I totally agree that it is a horrible trade. Now I'm not saying stay with someone who gives you a black eye once a week or cheats on you every weekend with some hoochie at the bar. But we took vows before God, I made a promise to Michael that I was going to be here through it all no matter how tough it got. Well I bailed once when the going got tough but that was a lesson learned for sure!! I'm not going anywhere, I am not going to leave no matter how hard it gets. In the past his family has put so much stress on our relationship that I almost said forget it, I'm out of this picture, I am done with these people!! But I stuck it out and things are getting so much better with those who really matter. Oh, and I'm not trying to say that I was innocent in the family feud, but I have now learned that I don't have to worry about those things anymore. I married Michael and I made a vow to Michael and no matter how badly someone might want to run me off, it won't work.

I'm a trooper and I'm not a failure by any means. I don't usually let anything beat me, take me down and I am not a quitter!! I won't bail anymore, I learned a lot from Michael in our time of troubles. In church Sunday the preacher said you can see Jesus just about anywhere, in the people sitting next to you. During those times, looking back now, I seen Jesus in Michael's heart. For him to love the way he loves, hold his tongue the way he does, the patience and kindness he shows everyone. I used to see it as a weakness and now I yearn to be just like that.

"But our culture doesn't look at separation as evil, does it? It's "romantic". "It's courageous" It's "for the best, in the long run." Building a sacred history together teaches us to be persistent in doing good, even when we want to do something else. This commitment to perseverance teaches us the basic Christian discipline of self-denial. Once heaven becomes a part of your equation, the cost of divorce-God's wrath and anger, jeopardizing the future with a selfish attitude-becomes much too high."

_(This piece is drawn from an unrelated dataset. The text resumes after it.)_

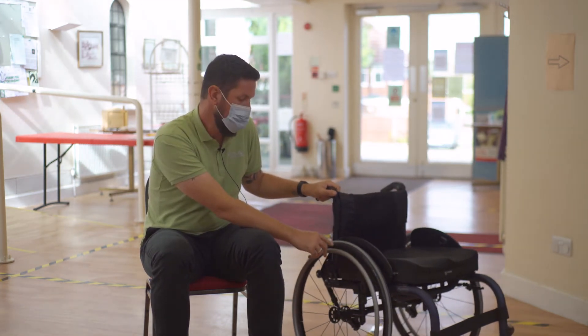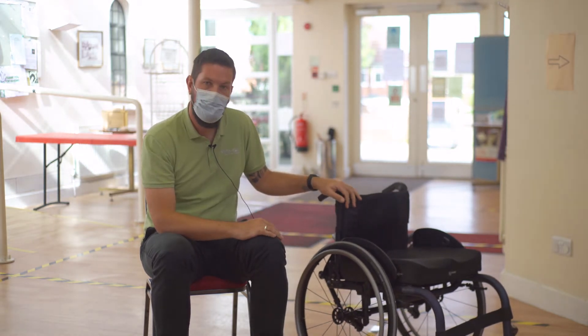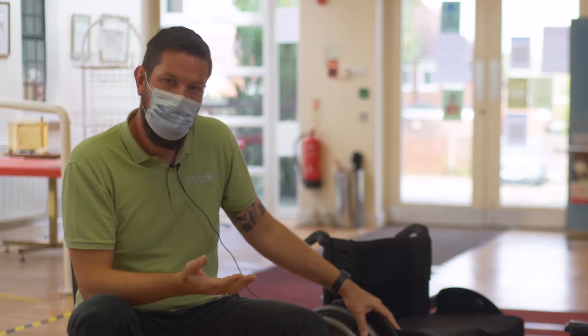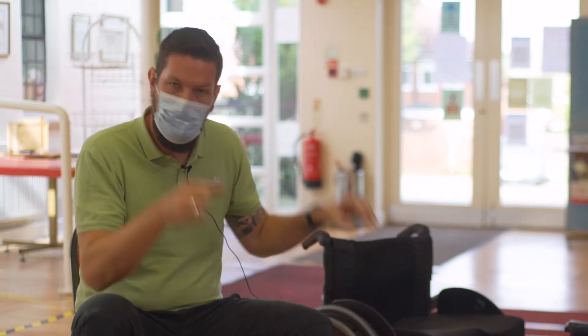These are normally quite high pressures and are hard to achieve with a manual hand pump. We recommend using a track pump, which you can buy from a local bike shop. But as wheelchair users, you may find an electric pump is more usable, as you don't have to apply any pressure down into the pump itself.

It's good that in John 8:11 it tells us that the adulterous woman isn't condemned-she is simply told not to continue in her sin. Well I have been told! I most of the time do as I am told and this is something I will never ignore because I know what the cost is. We have to hang in there no matter how tough it gets, there is a reward in it. Not only for our souls, our spirit, but for our spouse, for our children. We have to set examples in this day in time and they need to be strong one's with all the evil that is acceptable these days to some people. I want my children to be strong in Christ, I want them to be confident to walk the narrow path, take the hard road with Jesus. I want them to know what real love is and how to love. Kids these days....man I have never in my life seen such disrespectful nasty mouths!! And their parents don't say anything about it and most I have seen encourage the behavior. Jace better never act like some of these kids do because I'm not the momma that's okay with that crazy stuff. OH and if I were their mother....they would see God's wrath through me!

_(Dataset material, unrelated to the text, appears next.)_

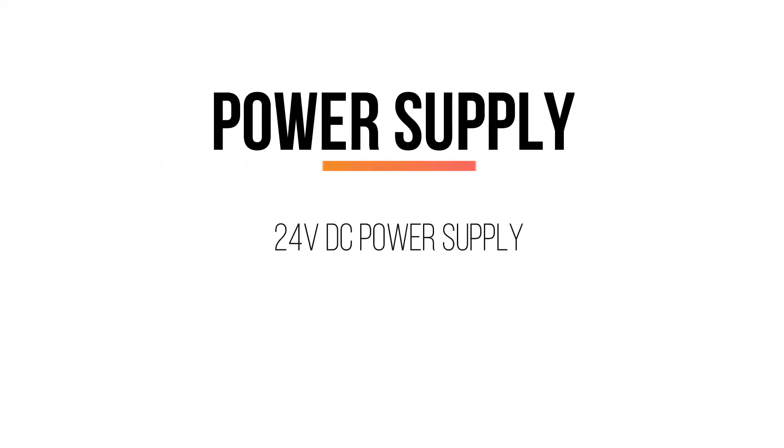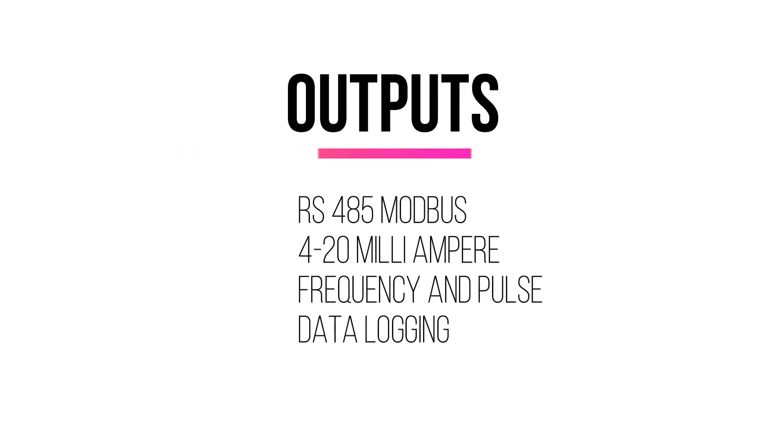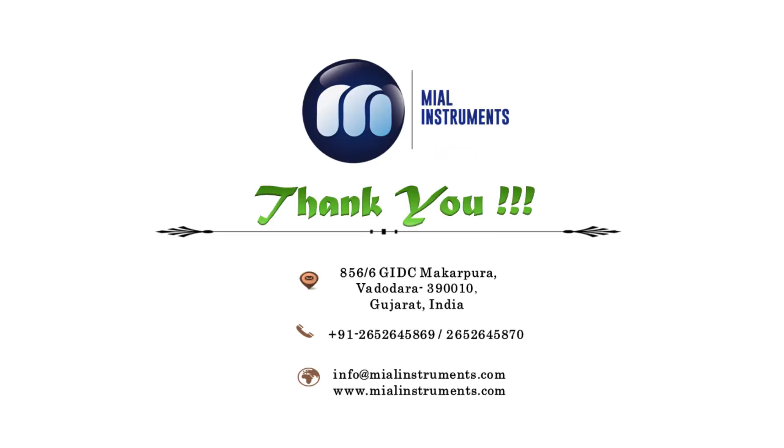After that, do the wiring connections properly and energize the meter using a 24-volt DC power supply with proper ground. The meter offers RS-485 Modbus, 4 to 20 milliamps, frequency, and pulse outputs. Data logging is also available in the meter, carried out with an 8GB SD card.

"Even if they betray us in the most intimate sense-God can use that occasion to draw us closer into his heart. And then, God can use it to draw others to him as well." "What really happened was by staying faithful to an unfaithful husband, Leslie demonstrated the truth of a God who remains faithful to an unfaithful people." "We are always looking at what our spouses have done wrong, but God wants to deal with our own heart first."

In that second quote is what I mean by I seen God in Michael, I seen the love of Jesus, I seen the patience and kindness we are supposed to have and give. He was setting an example and he did it well! I don't even know if he knows that he was setting an example or that I seen what I seen in him. I do know that God is working on my heart, he is dealing with me and my craziness and bringing me back to what I used to be when I walked the narrow path faithfully as a teen before I took the wider road. I am getting back to that place and I hope I stay on the narrow this time. It may be hard but there are more rewards when you walk the narrow!!